Işıl, son günlerde meclisteki bütçe görüşmelerini takip ettiğini söyledi.
‘‘2025 için açıklanan bütçede, ‘Aileyi Güçlendirme’ fonlarına yaklaşık 17 milyar TL ayrılmışken, ‘kadınların güçlendirilmesi’ için sadece 6 milyar TL ayrıldı. Bu, kadın başına günlük sadece 38 kuruş demek oluyor. KYK burs ve kredileri, öğrencilerin temel ihtiyaçlarını bile karşılamaktan uzak kalırken, yaşamımızı sürdürebilmek için düşük ücretli ve güvencesiz işlerde çalışmak zorunda bırakılıyoruz.’’

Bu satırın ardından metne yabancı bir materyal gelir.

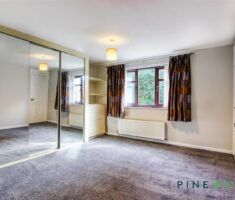 2 BEDROOM House - Mid Terrace - Photo 4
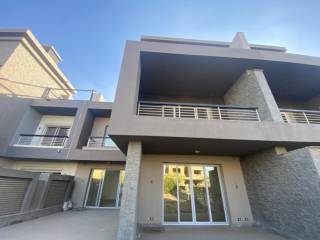 تاون هاوس للإيجار نيو جيزة 400م في ايفوري هيل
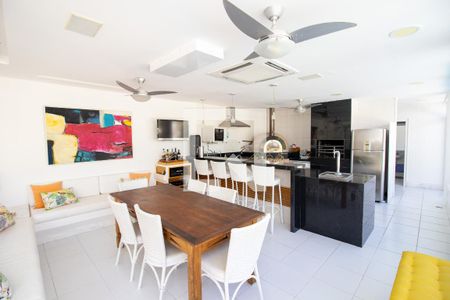 Casa de condomínio à venda com 660m², 4 quartos e 2 vagas Casa de condomínio à venda com 660m², 4 quartos e 2 vagasÁrea gourmet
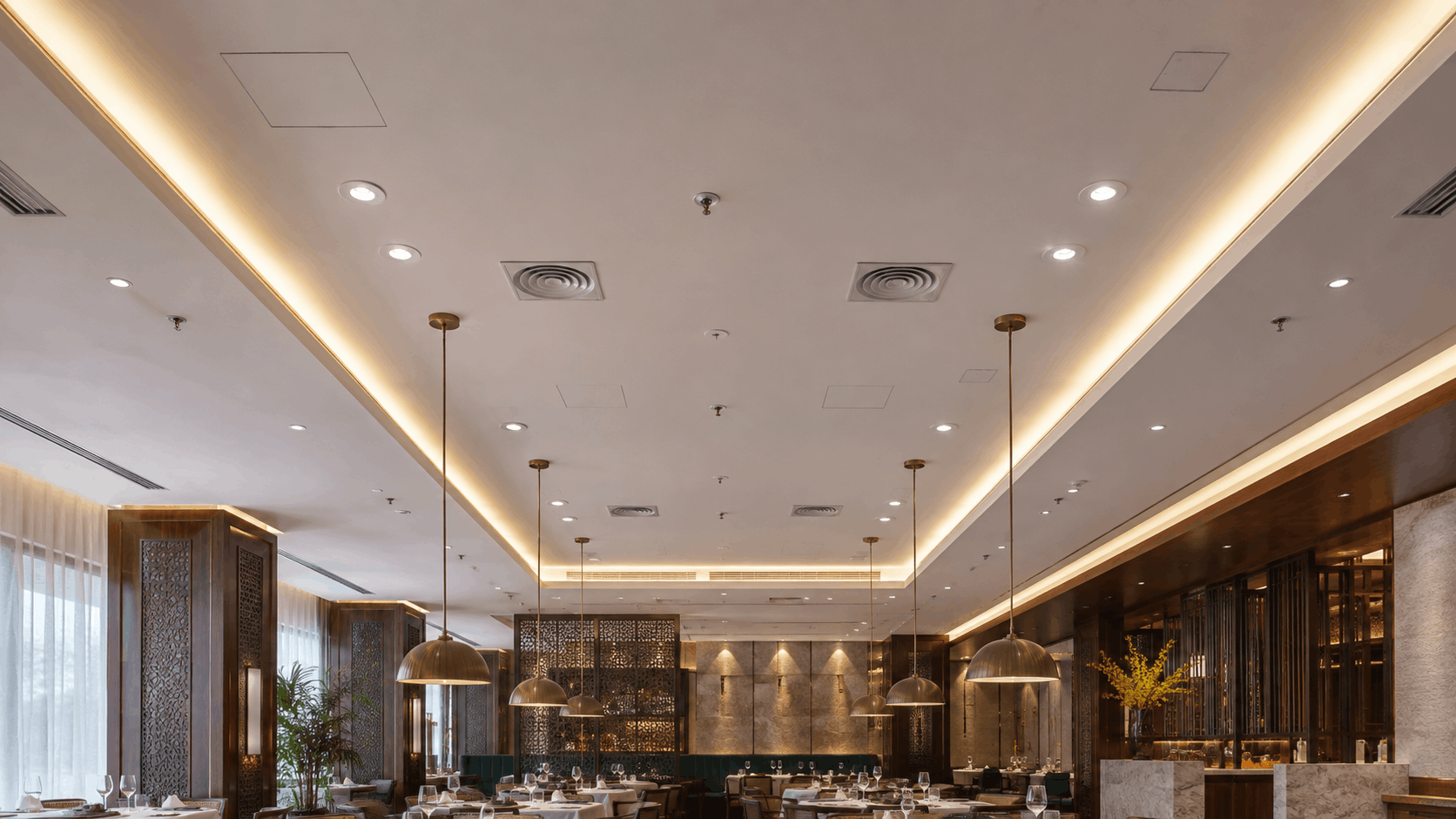 Restaurant Ceiling Guide: How Ceiling Design Enhances Restaurant Interiors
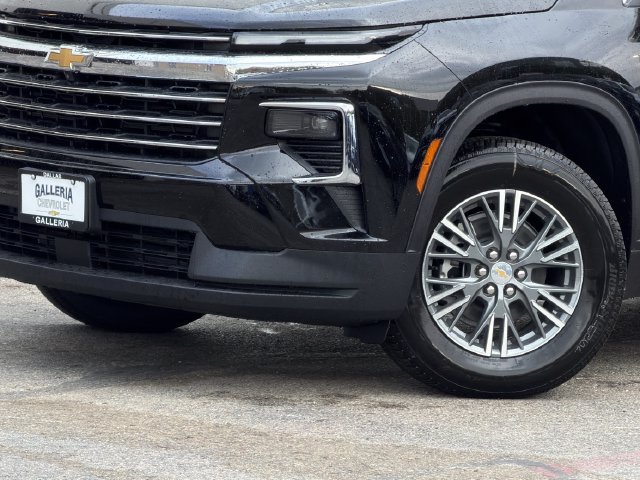 New 2027 Chevrolet Traverse LT w/ Driver Confidence Package FWD image 8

Işıl’ın en son çalıştığı yer biz zincir kahve şubesi. Buradaki deneyimleri ise hiçbir genç kadına yabancı olmasa gerek:
‘‘Eşit işe eşit ücret alıyor muyduk bilmiyorum çünkü bunun hakkında konuşmamız yasaktı. Telefona bakmamız da yasaktı. Telefonları dolaba koymamız ve dokunmamamız isteniyordu. Çeşitli sebeplerle bakmaya çalıştığımız vakitler ‘İşi aksatıyorsunuz’ denilerek mobbingin bahanesi oluyordu adeta.”
Mevzu bahis taciz meselesine geldiğinde ise işyerinde çalışan yöneticiler tarafından da müşteriler tarafından da taciz edildiğini ve bunun sayısını hatırlamadığını belirtti. Yoksulluğun şiddeti derinleştirdiği noktasında anlaştık.
“Korku ve tedirginlik içinde yaşamak öğretiliyor bizlere”
2024 yılı henüz bitmedi ama katledilen kadın sayısı 397’ye ulaşmış durumda. Her kaleme aldığımız yazıda kaç kadın daha öldürülmüş diye katledilen kadın sayısını kontrol etmek zorunda kalıyoruz. Adalet Bakanlığı verilerine göre geçen yıl çocuk istismarı suçundan açılan dosyaların sayısı 66 binden fazla. Son 8 yılda kaybedilen çocukların ise resmi verisi dahi yok!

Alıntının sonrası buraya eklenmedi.